For one of our clients we’re deploying an application to multiple application instances on Amazon EC2. All the applications need access to three things: credentials, certificates and services.
To connect to the database server and Amazon S3 the application needs access to usernames and passwords. Server certificates are used in Apache and client certificates are used to communicate with external API’s. Finally we have a custom daemon that generates TLS client certificates called Certificate Depot.
We want to keep these three things as safe as possible without making frequent and automated deployment difficult. Our solution is to keep all the secret stuff in one location and only allow one point of entry.
We use a small EC2 instance as a little vault. Let’s call it the “secure instance”. The secure instance only runs an SSH daemon and Certificate Depot. A firewall blocks all connections, except on the SSH port. All communication with the secure instance goes over SSH. All data on the instance is stored on encrypted EBS volumes.
When a brand new application instance is booted it needs access to credentials and certificates so it can configure itself. This is done by temporarily uploading an SSH key to the application instance. The key allows a non-privileged user to connect to the secure instance. Once the app instance has everything it needs from the secure instances the key is deleted.
We wanted to keep the Certificate Depot code base small so we didn’t implement any authentication or authorization. We solve this at the network level. Certificate Depot only listens to localhost. Application instances access the Depot through an SSH tunnel to the secure instance.

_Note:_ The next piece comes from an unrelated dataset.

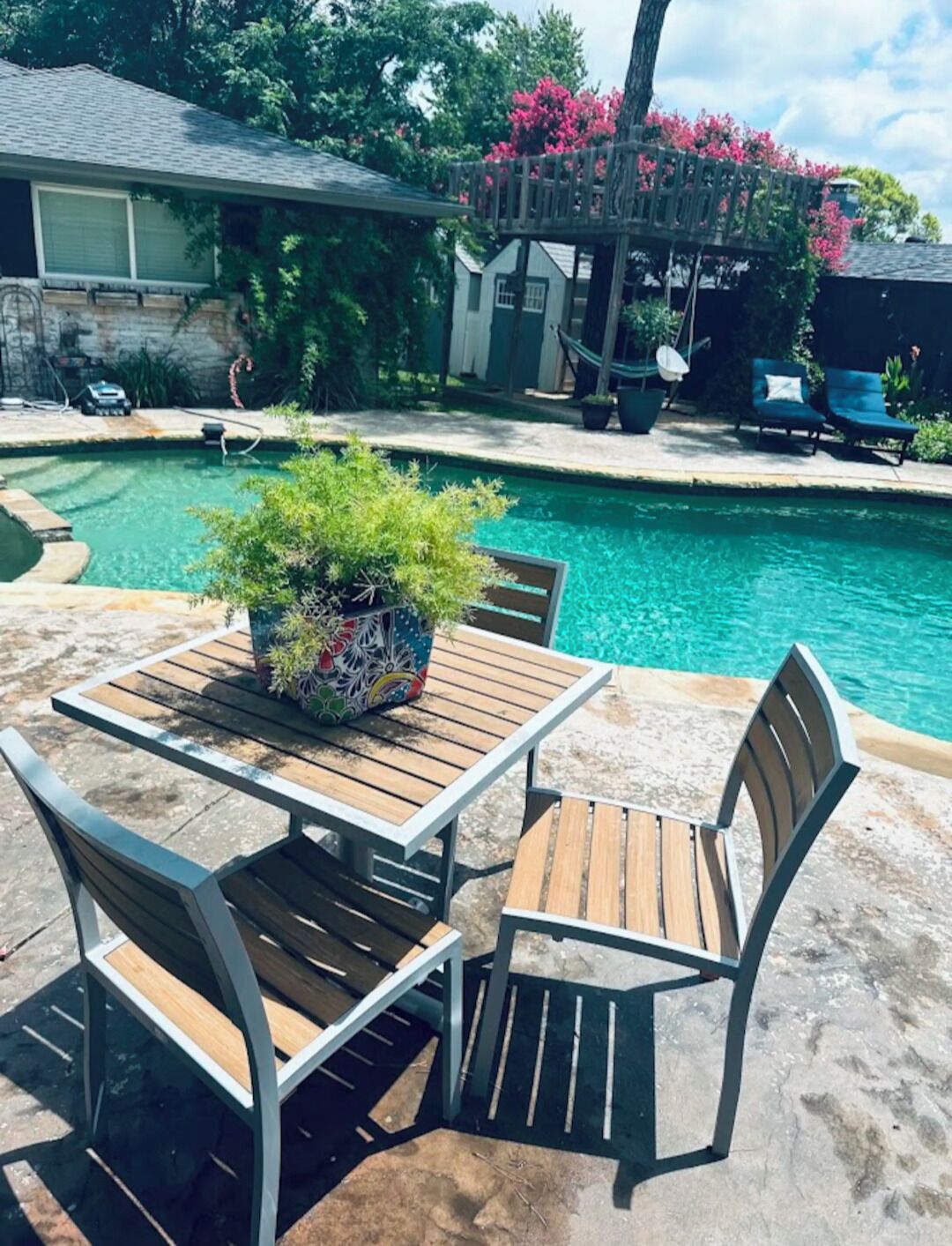 Ein Poolbereich mit Tisch und Stühlen, einem Blumentopf und einer Holzterrasse.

By keeping the architecture simple we achieve what I like to call Security Through Clarity. The secure instance key is only needed when booting up new application or secure instances so only a few people need access to it. The single point of entry makes the secure instance less vulnerable to attacks. Credentials and certificates only need to be kept on the secure instance and a secure backup so they’re less likely to be leaked by sysadmins or developers.
When the secure instance key, credentials, or certificates are lost replacing them is straightforward because their owners and location are well defined.